##### Provided material

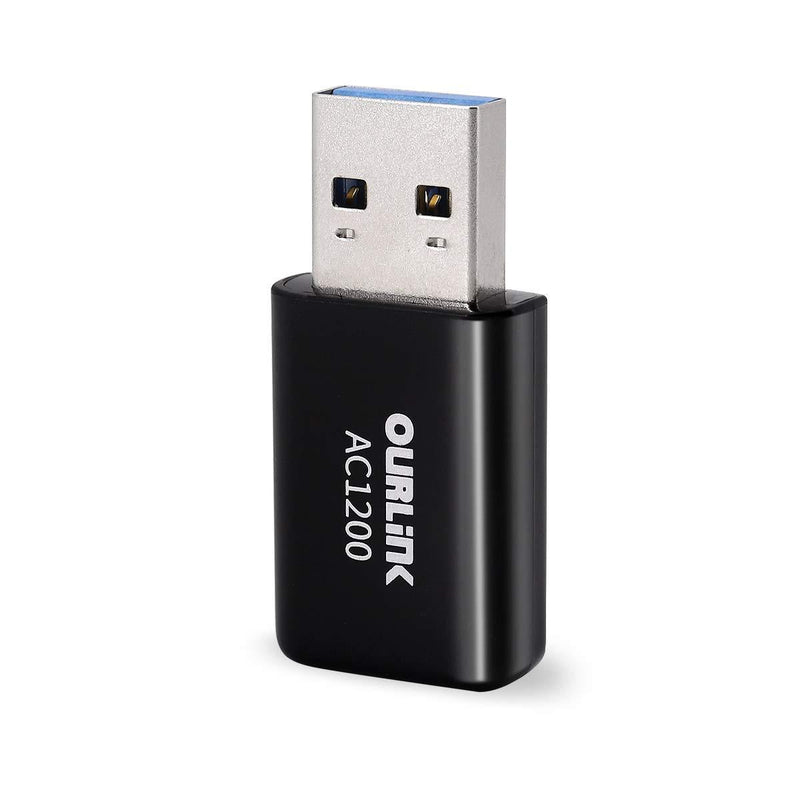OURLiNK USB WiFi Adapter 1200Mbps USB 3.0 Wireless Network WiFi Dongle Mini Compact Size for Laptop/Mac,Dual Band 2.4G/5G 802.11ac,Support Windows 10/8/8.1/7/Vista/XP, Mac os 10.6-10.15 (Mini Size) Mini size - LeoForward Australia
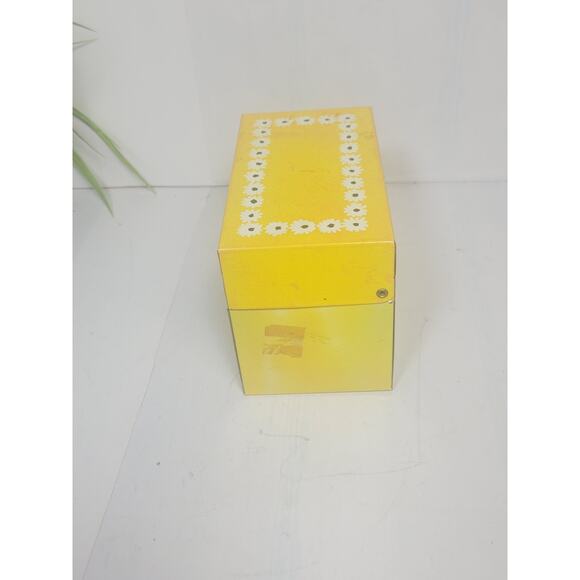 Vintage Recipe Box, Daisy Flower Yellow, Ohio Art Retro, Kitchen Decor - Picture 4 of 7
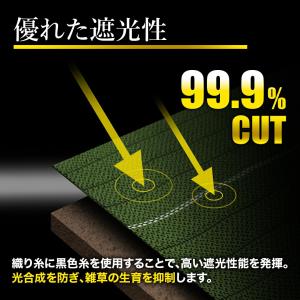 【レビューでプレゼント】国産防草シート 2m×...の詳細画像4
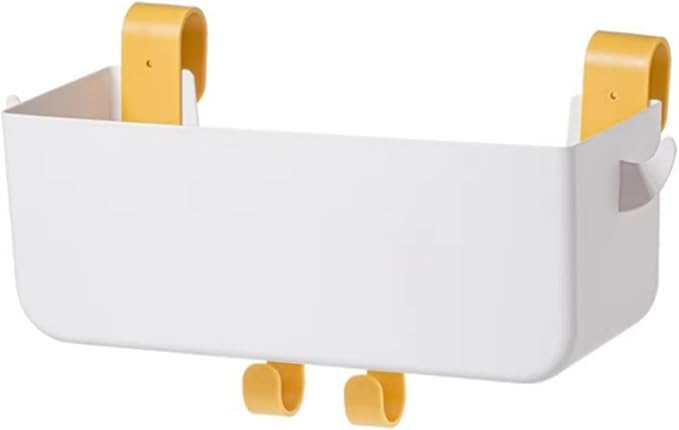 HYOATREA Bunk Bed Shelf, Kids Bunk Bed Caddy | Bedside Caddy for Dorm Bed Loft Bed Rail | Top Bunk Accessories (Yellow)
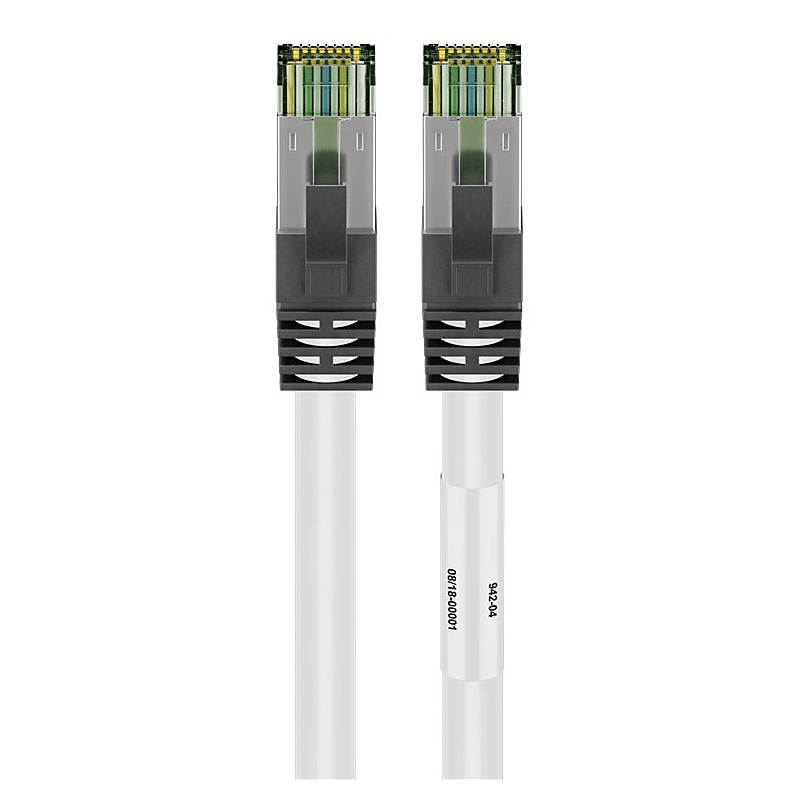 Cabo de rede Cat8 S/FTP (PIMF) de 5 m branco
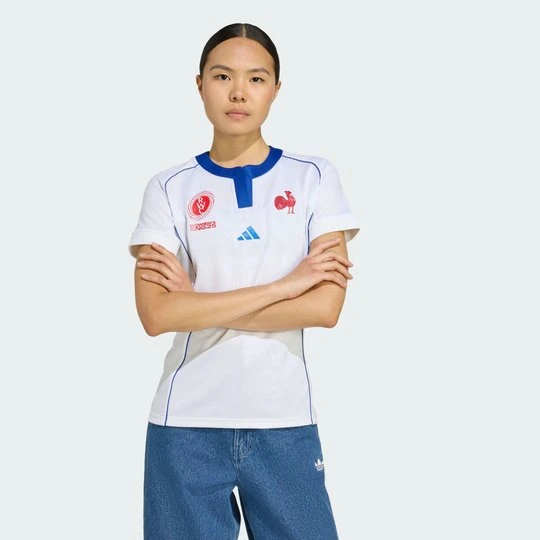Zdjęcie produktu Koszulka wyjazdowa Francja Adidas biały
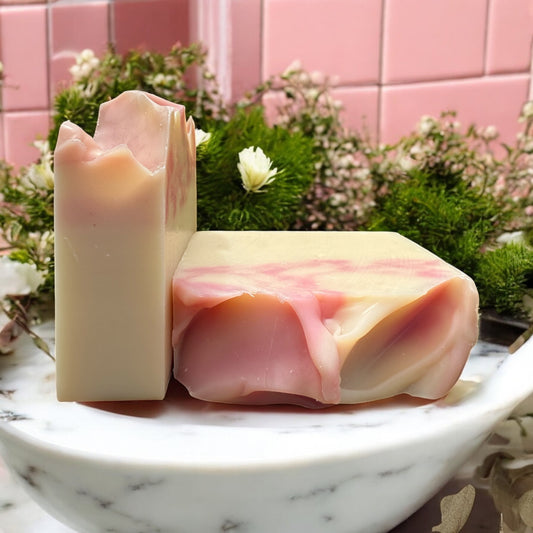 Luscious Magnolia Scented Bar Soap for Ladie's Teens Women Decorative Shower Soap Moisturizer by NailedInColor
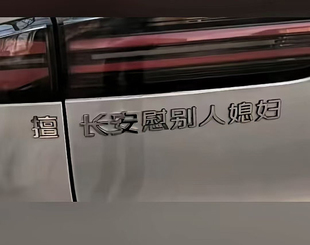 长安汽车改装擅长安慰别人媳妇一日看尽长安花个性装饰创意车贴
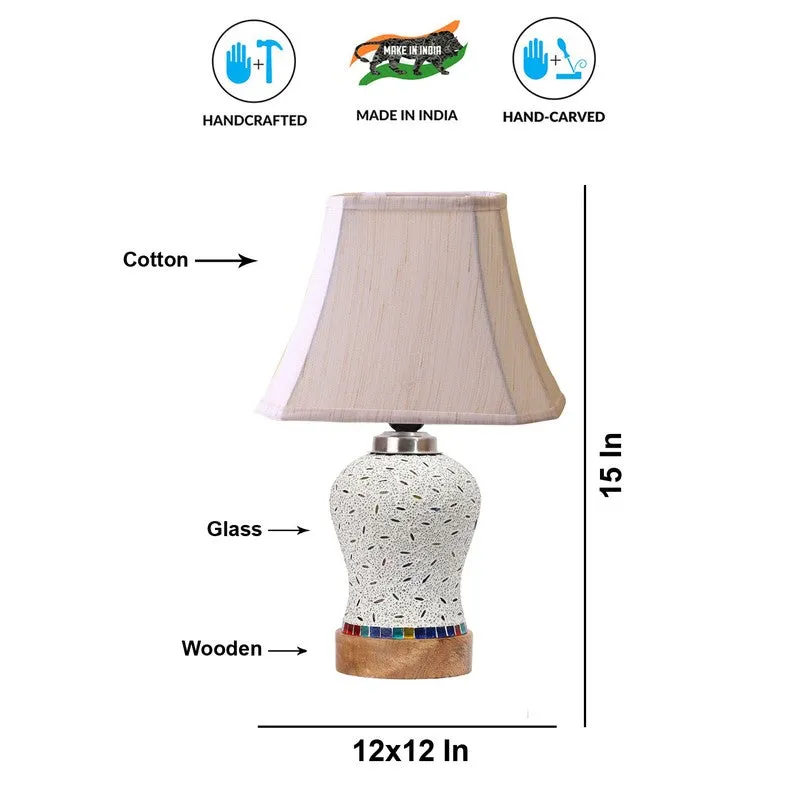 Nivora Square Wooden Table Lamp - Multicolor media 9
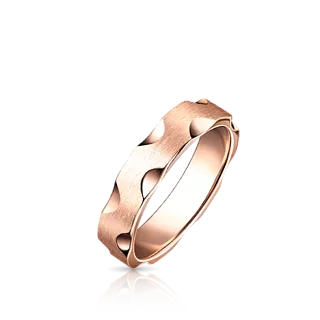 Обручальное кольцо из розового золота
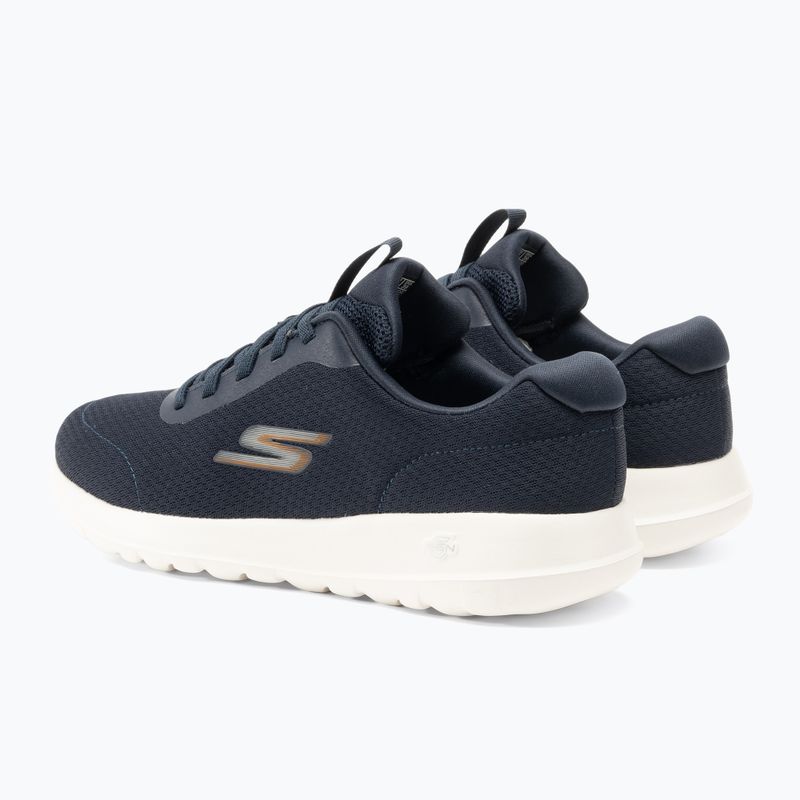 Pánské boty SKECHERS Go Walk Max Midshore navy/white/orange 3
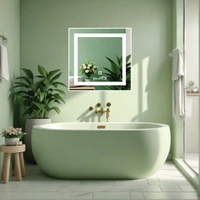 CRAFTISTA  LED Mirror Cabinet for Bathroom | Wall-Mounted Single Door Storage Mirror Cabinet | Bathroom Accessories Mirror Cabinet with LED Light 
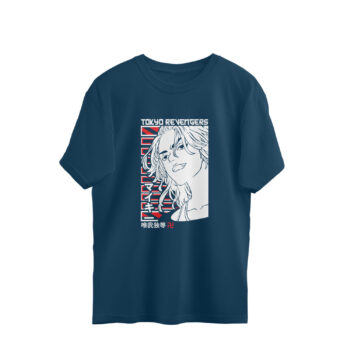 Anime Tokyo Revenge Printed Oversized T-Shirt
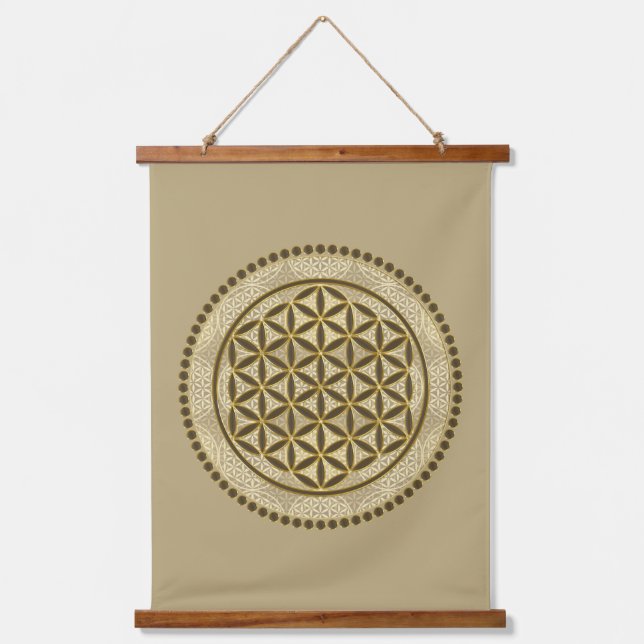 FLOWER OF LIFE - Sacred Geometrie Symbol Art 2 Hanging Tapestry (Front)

##########

*What you need to do*. Give back exactly the lines from the one containing "Zdjęcie produktu Koszulka" through the last line above, both included, and none of the pictures.

*Exercise solution*.
Zdjęcie produktu Koszulka wyjazdowa Francja Adidas biały
 Luscious Magnolia Scented Bar Soap for Ladie's Teens Women Decorative Shower Soap Moisturizer by NailedInColor
 长安汽车改装擅长安慰别人媳妇一日看尽长安花个性装饰创意车贴
 Nivora Square Wooden Table Lamp - Multicolor media 9
 Обручальное кольцо из розового золота
 Pánské boty SKECHERS Go Walk Max Midshore navy/white/orange 3
 CRAFTISTA  LED Mirror Cabinet for Bathroom | Wall-Mounted Single Door Storage Mirror Cabinet | Bathroom Accessories Mirror Cabinet with LED Light 
 Anime Tokyo Revenge Printed Oversized T-Shirt
 FLOWER OF LIFE - Sacred Geometrie Symbol Art 2 Hanging Tapestry (Front)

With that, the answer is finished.